Beaucoup d’eaux ont coulé sous les ponts. Derrière les pirogues de M. Thiam, se trouve une cabane bordée par les anciens filets de pêche. Les guerriers de la mer se reposent. Ils n’ont pas dit leur dernier mot. Ils ont vécu l’âge d’or de la pêche à Joal-Fadiouth. Enveloppé dans un grand boubou à rayures marrons, Aliou Mané a blanchit sous le harnais. Il ne veut pas parler du présent de la pêche à Joal. Ce pêcheur originaire de la Casamance nous plonge dans le passé.

« Jadis, on se glorifiait d’être pêcheur à Joal-Fadiouth. L’activité rapportait beaucoup d’argent. Les eaux étaient très poissonneuses. Tous les pêcheurs du Sénégal venaient passer la moitié de l’année à Joal avant de repartir avec beaucoup d’argent. Il y avait beaucoup de poissons nobles. De nos jours, nous sommes obligés d’aller très loin sans être sûrs de trouver du poisson », se désole Aliou Mané. Loin du rivage, entre les habitats bordés de palissages, les pêcheurs dorment. D’autres boivent du thé. Personne ne prend le risque de contracter des dettes en comptant sur la mer pour les rembourser. Ibrahima Samb, le trésorier des jeunes pêcheurs de Joal vient d’échapper à une convocation à la gendarmerie de Joal-Fadiouth pour défaut de remboursement d’un prêt d’une valeur de 500.000 francs Cfa. « Vers les années 90, on pouvait se payer le luxe de contracter les dettes et de les payer à temps. Parce qu’on était sûr de tirer beaucoup d’argent de la pêche.

En 1996, j’ai contracté une dette de 3.800.000 francs Cfa pour acheter deux pirogues. Je les ai remboursés en un temps record J’ai contracté en mars 2008 une dette de 500.000 francs Cfa. Jusqu’à l’heure où je vous parle, je n’ai pas encore fini de payer la dette. C’est la preuve que la pêche ne nourrit plus son homme », confesse le président de la commission surveillance et pêche durable de l’Aire marine protégée (Amp) de Joal, Ibrahima Samb. Près de lui, le président du comité de gestion de l’Amp de Joal Fadiouth jette un regard critique sur les comportements des usagers de la mer. « Depuis longtemps, les pêcheurs ont cru que les ressources halieutiques étaient inépuisables. De nos jours, nous vivons les conséquences. Il n’y a plus de poissons. Les personnes pratiquent l’activité pour survivre. », confesse Abdou Karim Sall.

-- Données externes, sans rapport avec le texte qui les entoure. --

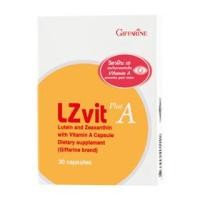 ราคา แอล ซี วิต พลัส เอ LZ Vit plus A (6888906688)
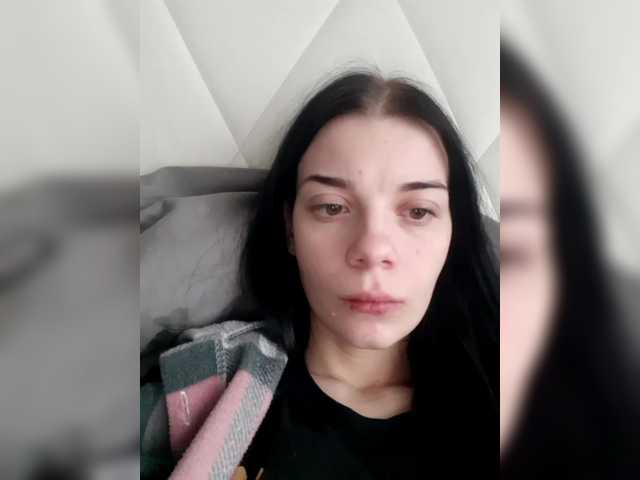 Luna29a's BongaCams show and profile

Les recettes journalières des pêcheurs ont connu une chute libre depuis des années. Les usagers de la mer tirent les marrons du feu. « Un pêcheur qui gagnait 10.000 francs par jour, voit ses recettes tourner aujourd’hui autour de 3000 francs, celui qui avait 20.000 francs Cfa par jour auparavant n’a aujourd’hui que 10.000 francs Cfa », rapporte Abdou Kharim Sall. Malgré tout, les Joaliens vouent un grand amour à la mer, pour la pêche, qui est la bouée de sauvetage dans cette belle ville. L’activité génère un chiffre d’affaire de 12 milliards de francs Cfa par an.